FTSE 8% below September peak, but there are reasons to be positive

10th October 2014


Investor confidence is being battered at the FTSE 100 continues its downward trajectory, sitting 8% below its September peak.

The benchmark index has suffered four days of consecutive falls leaving it 8% below its September peak and down 3% since Monday – it is currently at 6,344 with five hours of trading left.

In the midst of the sell-off, which has been fuelled by fears of a another eurozone recession and erased recent gains made across global markets, Hargreaves Lansdown said investor confidence has plummeted to its lowest level for two years.

The stockbroker’s confidence index shows the last time investor sentiment was this low the FTSE 100 stood at 5,800 and 10-year gilts were at 1.7% (now at 2.2%) and the eurozone was on life support.

‘Negative sentiment is rife in the market right now, and indeed if you look around the globe there is no shortage of troubles to worry about,’ said Hargreaves Lansdown senior analyst Laith Khalaf.

‘The eurozone is flirting with deflation, and while recovery in the US is gathering pace, the Fed is turning off the quantitative easing taps, for now at least. Markets are likely to fret while they watch central banks pass the relay baton onto economic growth, in the hope they don’t drop it.’

He added that troubles in the Middle East and Ukraine, as well as the spread of the Ebola virus are also concerning investors.

However, Khalaf said investors should not be concerned by the stockmarket falls.

‘While the headlines tell a sorry story, there are reasons to be positive about the stockmarket,’ he said. ‘In particular stock prices look reasonable when company earnings are taken into account, and when compared to holding gilts or cash.’

Reasons to be hopeful:

Khalaf said there are five reasons to be positive about the stockmarket:

  1. The US is the world’s largest economy and growing more strongly than anticipated. This week the International Monetary Fund upgraded its growth forecasts from 1.7% to 2.2%.
  2. Oil prices are at their lowest levels since June 2012 after a fall of 20% which is an effective tax cut for consumers and manufacturing companies.
  3. Stocks don’t look expensive relative to earnings, with the possible exception of the US.
  4. The dividend yield of the UK market is still attractive when compared to cash and long-term bond yields. The UK stockmarket is yielding 3.4% compared to 2.2% from 10-year gilts.
  5. Companies are still hoarding cash.
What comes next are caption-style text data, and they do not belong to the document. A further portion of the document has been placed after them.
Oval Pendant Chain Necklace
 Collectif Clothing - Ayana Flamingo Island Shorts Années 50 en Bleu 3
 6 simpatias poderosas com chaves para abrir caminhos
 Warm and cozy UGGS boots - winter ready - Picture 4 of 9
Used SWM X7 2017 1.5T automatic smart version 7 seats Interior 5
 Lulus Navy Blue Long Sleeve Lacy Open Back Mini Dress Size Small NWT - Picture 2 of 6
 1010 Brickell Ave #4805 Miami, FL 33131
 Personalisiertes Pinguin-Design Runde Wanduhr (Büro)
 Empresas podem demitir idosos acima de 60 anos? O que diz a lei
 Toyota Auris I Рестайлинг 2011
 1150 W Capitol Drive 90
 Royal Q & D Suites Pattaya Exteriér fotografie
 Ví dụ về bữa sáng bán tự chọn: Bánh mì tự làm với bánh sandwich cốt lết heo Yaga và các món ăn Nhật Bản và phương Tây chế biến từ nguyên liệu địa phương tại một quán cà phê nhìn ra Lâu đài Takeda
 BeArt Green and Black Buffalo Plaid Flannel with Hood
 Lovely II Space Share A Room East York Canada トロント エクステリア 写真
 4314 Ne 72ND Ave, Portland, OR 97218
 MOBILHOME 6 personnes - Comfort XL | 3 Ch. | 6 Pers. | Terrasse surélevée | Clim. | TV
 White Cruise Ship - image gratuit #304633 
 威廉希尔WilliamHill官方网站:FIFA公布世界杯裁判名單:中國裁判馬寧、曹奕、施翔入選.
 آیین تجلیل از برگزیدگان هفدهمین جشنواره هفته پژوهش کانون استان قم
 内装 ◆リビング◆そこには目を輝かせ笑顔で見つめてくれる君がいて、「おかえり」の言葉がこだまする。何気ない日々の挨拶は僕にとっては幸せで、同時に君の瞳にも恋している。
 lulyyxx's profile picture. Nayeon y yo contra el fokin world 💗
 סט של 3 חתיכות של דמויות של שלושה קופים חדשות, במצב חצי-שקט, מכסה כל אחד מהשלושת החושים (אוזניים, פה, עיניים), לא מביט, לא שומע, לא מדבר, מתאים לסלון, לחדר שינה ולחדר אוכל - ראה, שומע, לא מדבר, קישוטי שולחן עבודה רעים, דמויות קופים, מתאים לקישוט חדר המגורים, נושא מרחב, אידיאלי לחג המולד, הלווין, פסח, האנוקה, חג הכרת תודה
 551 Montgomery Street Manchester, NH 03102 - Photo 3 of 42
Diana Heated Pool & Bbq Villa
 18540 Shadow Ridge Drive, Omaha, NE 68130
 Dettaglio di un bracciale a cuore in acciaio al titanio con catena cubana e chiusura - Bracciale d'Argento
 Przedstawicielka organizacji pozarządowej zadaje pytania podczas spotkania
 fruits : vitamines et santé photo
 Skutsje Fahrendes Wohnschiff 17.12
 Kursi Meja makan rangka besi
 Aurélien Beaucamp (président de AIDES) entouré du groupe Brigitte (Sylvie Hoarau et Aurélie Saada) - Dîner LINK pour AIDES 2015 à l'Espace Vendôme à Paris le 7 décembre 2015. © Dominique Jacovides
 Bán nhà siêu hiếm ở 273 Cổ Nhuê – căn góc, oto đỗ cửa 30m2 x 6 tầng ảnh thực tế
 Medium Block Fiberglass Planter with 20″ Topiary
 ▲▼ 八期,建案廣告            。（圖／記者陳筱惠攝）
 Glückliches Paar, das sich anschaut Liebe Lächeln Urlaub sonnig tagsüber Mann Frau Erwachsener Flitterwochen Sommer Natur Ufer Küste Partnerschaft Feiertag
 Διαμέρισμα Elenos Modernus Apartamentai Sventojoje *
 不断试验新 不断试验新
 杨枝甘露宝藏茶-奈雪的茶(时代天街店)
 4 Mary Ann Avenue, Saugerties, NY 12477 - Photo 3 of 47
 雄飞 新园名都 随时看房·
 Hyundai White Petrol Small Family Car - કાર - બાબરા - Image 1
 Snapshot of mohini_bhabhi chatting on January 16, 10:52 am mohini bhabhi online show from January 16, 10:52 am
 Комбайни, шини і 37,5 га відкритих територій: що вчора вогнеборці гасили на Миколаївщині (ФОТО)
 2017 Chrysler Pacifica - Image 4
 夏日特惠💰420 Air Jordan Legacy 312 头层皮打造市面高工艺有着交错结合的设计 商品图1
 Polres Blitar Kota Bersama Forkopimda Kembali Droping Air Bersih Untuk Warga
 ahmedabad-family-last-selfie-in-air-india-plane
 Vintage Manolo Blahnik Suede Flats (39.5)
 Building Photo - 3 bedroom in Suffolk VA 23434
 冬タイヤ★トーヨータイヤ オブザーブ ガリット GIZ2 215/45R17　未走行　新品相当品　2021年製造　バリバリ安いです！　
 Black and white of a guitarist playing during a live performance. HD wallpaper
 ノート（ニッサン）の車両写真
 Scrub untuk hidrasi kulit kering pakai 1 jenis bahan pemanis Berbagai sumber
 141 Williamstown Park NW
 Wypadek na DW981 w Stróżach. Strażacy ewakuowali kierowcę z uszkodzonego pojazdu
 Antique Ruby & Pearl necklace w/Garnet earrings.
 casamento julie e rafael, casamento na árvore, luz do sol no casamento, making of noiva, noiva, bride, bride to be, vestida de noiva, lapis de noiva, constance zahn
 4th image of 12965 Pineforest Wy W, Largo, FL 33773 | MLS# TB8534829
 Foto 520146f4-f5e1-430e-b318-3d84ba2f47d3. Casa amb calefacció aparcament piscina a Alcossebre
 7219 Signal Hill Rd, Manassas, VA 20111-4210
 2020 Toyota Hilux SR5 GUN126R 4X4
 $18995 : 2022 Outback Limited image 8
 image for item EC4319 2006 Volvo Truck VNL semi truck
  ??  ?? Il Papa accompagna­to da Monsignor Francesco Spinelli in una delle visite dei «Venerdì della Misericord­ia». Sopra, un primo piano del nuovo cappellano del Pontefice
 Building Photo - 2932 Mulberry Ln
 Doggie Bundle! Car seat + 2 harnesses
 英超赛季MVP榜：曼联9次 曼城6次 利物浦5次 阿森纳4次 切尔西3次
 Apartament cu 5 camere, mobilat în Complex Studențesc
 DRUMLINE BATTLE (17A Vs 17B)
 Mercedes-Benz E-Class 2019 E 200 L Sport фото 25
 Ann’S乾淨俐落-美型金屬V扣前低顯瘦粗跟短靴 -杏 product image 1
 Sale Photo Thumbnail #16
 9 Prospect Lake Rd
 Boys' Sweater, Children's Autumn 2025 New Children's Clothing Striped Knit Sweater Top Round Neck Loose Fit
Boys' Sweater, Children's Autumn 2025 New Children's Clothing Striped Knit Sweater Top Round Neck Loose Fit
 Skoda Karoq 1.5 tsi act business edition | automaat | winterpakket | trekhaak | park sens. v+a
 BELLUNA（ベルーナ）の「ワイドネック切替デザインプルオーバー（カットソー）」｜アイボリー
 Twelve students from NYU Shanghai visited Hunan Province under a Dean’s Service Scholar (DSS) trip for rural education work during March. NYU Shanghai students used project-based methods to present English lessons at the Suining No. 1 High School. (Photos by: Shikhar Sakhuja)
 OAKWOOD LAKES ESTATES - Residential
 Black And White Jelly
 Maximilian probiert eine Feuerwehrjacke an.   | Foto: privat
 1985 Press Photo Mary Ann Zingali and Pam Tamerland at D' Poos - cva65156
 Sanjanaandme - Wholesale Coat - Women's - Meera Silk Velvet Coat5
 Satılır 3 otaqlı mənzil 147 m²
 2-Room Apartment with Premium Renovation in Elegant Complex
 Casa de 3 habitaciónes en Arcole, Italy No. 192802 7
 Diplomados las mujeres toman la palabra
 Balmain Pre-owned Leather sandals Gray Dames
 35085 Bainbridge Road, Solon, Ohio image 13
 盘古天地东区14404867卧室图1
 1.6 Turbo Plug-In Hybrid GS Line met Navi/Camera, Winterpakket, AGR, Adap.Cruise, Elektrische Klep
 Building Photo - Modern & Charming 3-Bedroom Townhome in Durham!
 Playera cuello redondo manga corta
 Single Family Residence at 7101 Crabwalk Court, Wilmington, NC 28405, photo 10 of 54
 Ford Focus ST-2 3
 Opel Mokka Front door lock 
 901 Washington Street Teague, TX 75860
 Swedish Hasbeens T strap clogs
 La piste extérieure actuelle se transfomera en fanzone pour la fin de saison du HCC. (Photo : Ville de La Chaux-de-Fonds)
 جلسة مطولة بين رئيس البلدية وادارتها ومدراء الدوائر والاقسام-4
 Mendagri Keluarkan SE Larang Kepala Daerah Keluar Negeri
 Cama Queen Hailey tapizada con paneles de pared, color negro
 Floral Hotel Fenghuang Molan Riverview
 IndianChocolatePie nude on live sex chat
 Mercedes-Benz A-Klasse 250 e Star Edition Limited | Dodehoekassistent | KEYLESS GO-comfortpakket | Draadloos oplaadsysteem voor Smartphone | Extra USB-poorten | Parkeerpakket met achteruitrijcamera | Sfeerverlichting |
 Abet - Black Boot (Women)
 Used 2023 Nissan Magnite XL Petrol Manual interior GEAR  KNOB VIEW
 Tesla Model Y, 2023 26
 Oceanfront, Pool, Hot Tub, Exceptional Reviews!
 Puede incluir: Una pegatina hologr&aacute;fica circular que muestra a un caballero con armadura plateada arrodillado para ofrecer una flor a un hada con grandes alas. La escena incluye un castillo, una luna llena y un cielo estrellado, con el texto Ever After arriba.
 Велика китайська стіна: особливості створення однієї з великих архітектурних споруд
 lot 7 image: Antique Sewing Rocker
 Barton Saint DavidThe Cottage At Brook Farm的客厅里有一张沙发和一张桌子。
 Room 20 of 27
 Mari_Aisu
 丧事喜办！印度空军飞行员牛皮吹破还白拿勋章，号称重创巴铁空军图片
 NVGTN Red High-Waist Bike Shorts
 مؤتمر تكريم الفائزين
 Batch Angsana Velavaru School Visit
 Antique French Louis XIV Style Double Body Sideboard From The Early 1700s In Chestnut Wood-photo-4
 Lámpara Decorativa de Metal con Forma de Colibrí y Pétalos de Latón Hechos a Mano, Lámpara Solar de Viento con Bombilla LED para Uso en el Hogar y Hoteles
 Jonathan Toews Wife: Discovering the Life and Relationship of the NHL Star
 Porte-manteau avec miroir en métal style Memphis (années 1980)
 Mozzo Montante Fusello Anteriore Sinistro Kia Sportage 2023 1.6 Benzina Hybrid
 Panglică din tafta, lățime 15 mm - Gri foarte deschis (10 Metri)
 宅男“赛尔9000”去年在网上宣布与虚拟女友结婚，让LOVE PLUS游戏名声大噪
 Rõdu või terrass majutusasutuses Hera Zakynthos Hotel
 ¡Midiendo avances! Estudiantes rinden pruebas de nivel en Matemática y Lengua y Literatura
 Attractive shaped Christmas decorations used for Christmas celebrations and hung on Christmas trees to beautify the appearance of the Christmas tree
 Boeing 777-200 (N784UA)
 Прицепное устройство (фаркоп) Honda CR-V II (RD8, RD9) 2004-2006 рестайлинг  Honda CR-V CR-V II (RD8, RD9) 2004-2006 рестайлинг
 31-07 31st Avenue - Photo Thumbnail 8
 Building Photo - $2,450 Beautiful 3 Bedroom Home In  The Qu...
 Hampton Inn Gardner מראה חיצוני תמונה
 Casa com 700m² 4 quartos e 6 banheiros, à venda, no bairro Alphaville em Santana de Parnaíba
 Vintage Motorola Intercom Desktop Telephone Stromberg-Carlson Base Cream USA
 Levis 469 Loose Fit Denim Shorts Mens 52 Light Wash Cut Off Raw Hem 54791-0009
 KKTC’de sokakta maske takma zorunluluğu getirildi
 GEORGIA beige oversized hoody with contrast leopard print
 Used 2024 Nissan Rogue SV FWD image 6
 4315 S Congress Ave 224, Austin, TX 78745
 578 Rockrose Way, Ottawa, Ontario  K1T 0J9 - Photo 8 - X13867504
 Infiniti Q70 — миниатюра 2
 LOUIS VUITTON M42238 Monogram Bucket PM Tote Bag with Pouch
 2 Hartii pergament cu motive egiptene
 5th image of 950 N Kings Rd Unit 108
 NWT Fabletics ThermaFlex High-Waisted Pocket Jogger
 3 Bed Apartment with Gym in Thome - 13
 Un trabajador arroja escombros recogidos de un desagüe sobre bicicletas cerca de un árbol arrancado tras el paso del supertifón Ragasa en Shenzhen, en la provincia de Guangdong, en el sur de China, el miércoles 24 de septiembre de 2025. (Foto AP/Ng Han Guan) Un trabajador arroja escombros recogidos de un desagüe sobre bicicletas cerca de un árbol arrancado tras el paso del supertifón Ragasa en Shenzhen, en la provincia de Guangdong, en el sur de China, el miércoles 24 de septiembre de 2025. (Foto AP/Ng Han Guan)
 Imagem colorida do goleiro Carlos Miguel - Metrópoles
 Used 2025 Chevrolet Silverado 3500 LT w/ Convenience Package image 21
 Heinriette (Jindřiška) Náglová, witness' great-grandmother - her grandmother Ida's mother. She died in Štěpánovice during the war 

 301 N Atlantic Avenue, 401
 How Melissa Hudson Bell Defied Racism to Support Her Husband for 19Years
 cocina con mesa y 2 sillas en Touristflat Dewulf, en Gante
The FTSE 100 is sitting on net cash of £53.3 billion, up from £37.9 billion last year. This suggests that companies are wary of the economic climate but they also have cash to spend if they see investment opportunities or act as a ballast in the event of a downturn.

Khalaf said investors should not get hung up on short-term market fluctuations and focus on the longer term outcome.

‘Clearly investing in the stockmarket comes with risks to capital, and you could get back less than you invest,’ he said. ‘But holding cash also carries risk, in particular the threat that inflation eats into your buying power. This is a particularly acute problem at the present time as inflation is higher than bank base rate.

‘Investors who are concerned about market levels can drip feed their money into the market gradually via a regular savings plan, thereby buying in any dips and levelling out their purchase price.’